** Provided material follows **

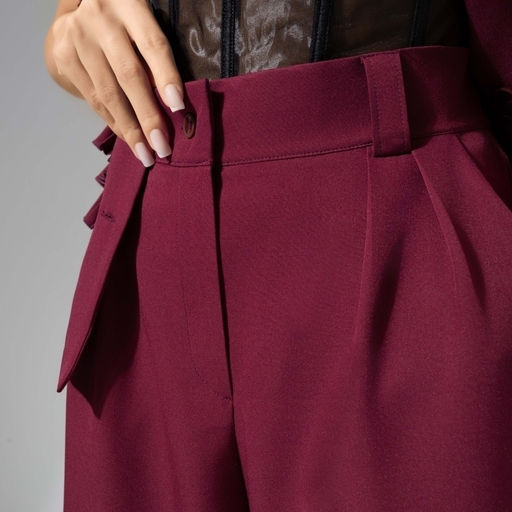 Брюки на молнии На седьмом небе (red) - Charutti фото 3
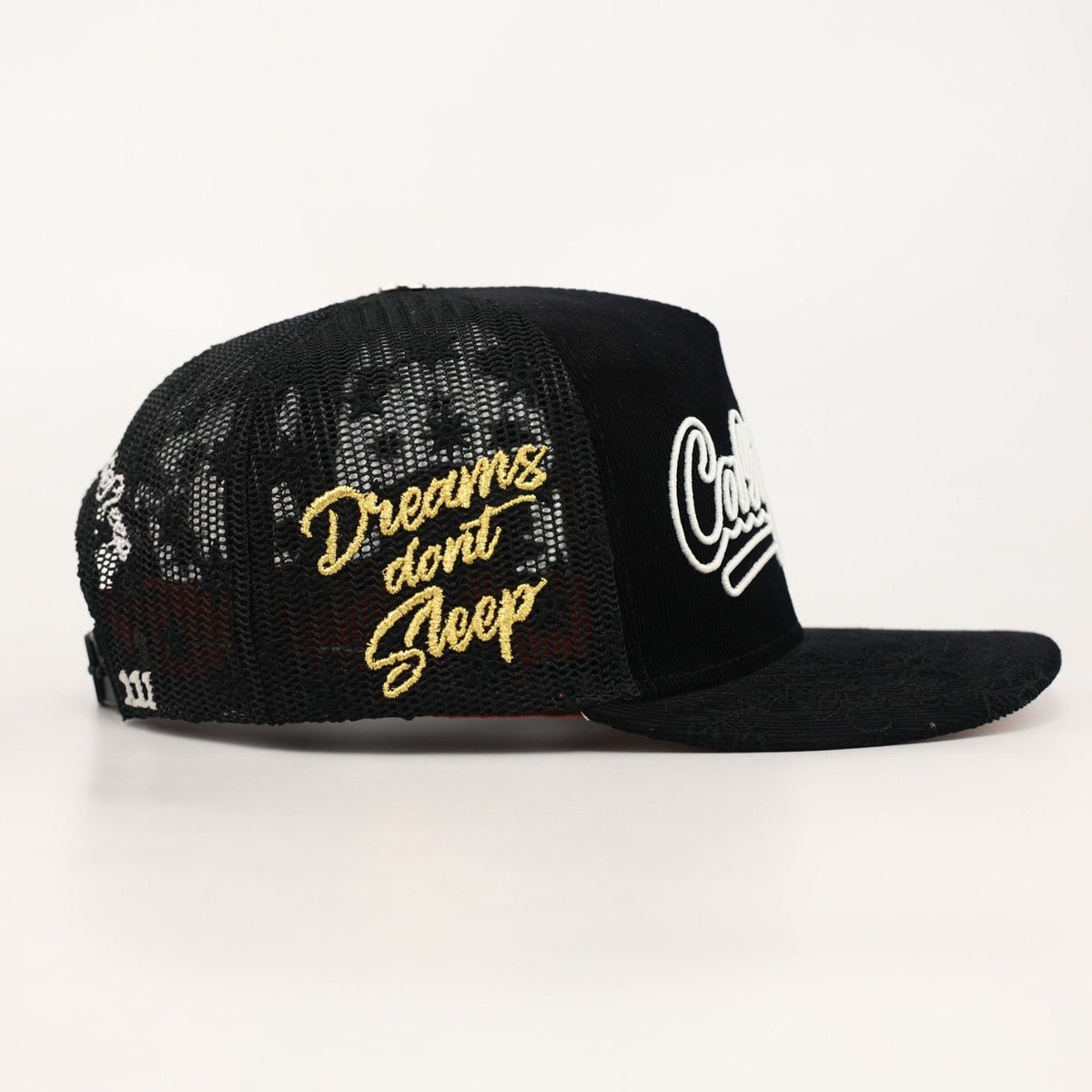 OG CA: Dreams on the West Trucker (Black Corduroy/Mesh) - AVBL MRKT (5)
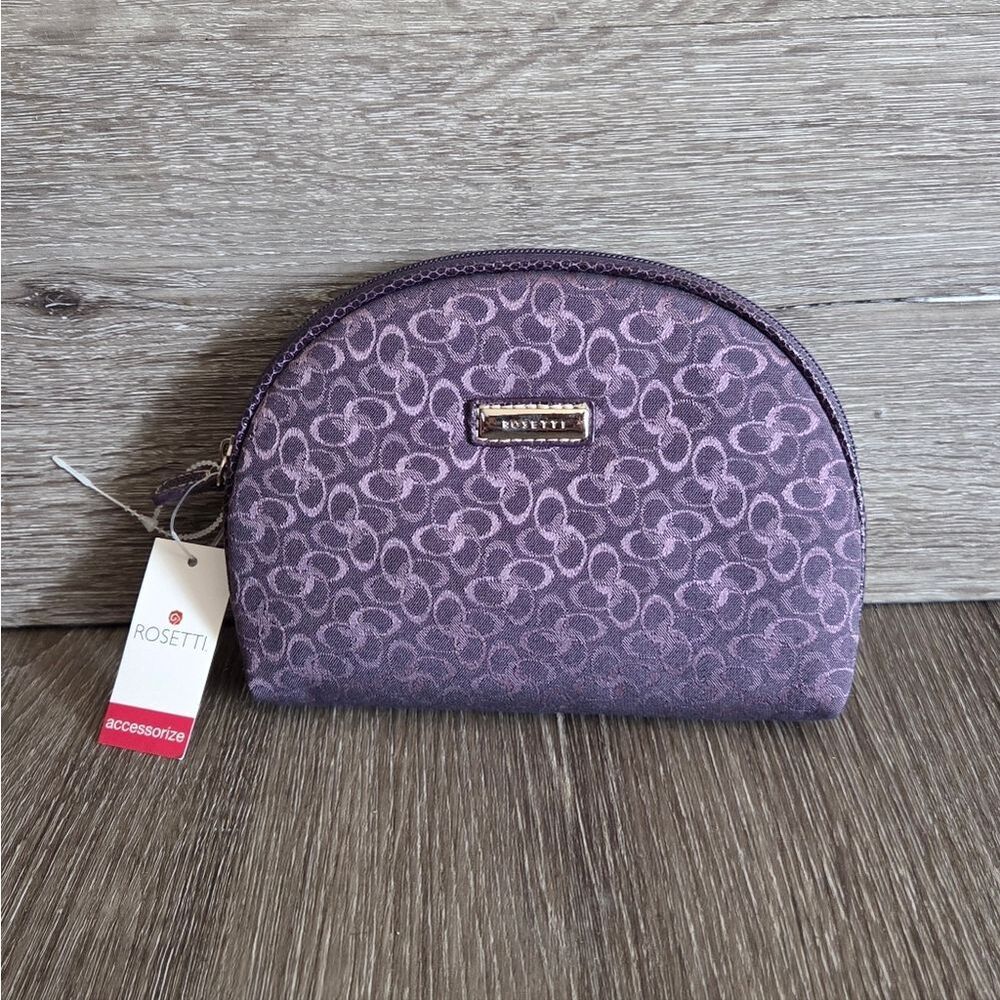 Rosetti Purple Signature Cosmetic Pouch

** End of Provided material **

## Work to be completed
Write out the whole listing exactly. Pictures stay out.

## Output below
 Брюки на молнии На седьмом небе (red) - Charutti фото 3
 OG CA: Dreams on the West Trucker (Black Corduroy/Mesh) - AVBL MRKT (5)
 Rosetti Purple Signature Cosmetic Pouch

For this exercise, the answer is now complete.